Una cosa es cierta: lo que nos mantiene a salvo no es cómo nos asimos a Dios, sino la fuerza con que Él nos sostiene. Nadie puede separarnos de sus manos; ni el diablo ni nosotros mismos. Una vez que estamos en ellas, Jesucristo no nos soltará.
Tenemos esta certeza: «y yo [Jesús] les doy vida eterna; y no perecerán jamás, ni nadie las arrebatará de mi mano. Mi Padre que me las dio, es mayor que todos, y nadie las puede arrebatar de la mano de mi Padre» (Juan 10:28-29).
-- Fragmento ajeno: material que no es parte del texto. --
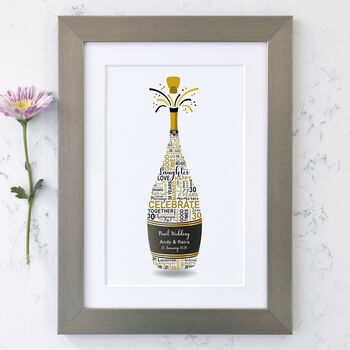 Personalised Pearl Anniversary Champagne Word Art, 6 of 7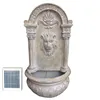 F811A3 factory supplied white lion head wall fountain solar water feature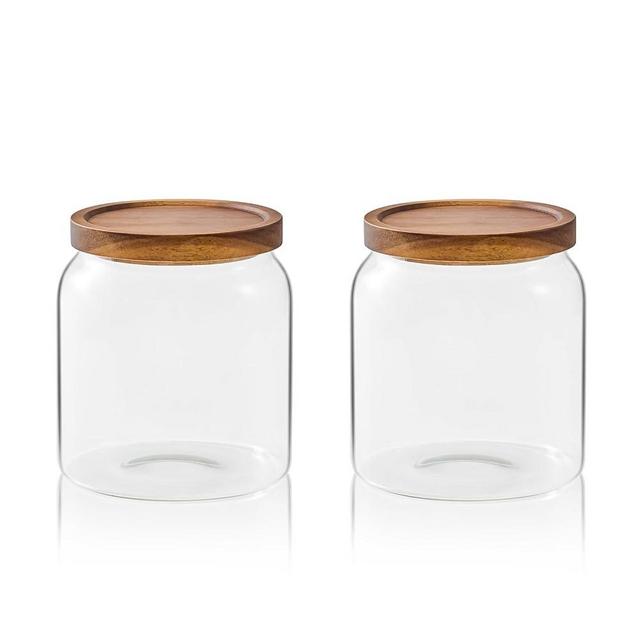 Sweejar Glass Jars for Laundry Room Organization, Half-Gallon Laundry Pods Container, Glass Food Storage Jars with Airtight Lid, 2 Pack, Press Lid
Una doble seguridad: nuestro Padre de un lado y nuestro Señor y Salvador del otro, rodeándonos como una abrazadera. Estas son las manos que formaron las montañas y los océanos, y que arrojaron las estrellas en el espacio. Nada en esta vida ni en la futura «nos podrá separar del amor de Dios, que es en Cristo Jesús Señor nuestro» (Romanos 8:39).
Aquel que nos salvó es también el que nos guarda.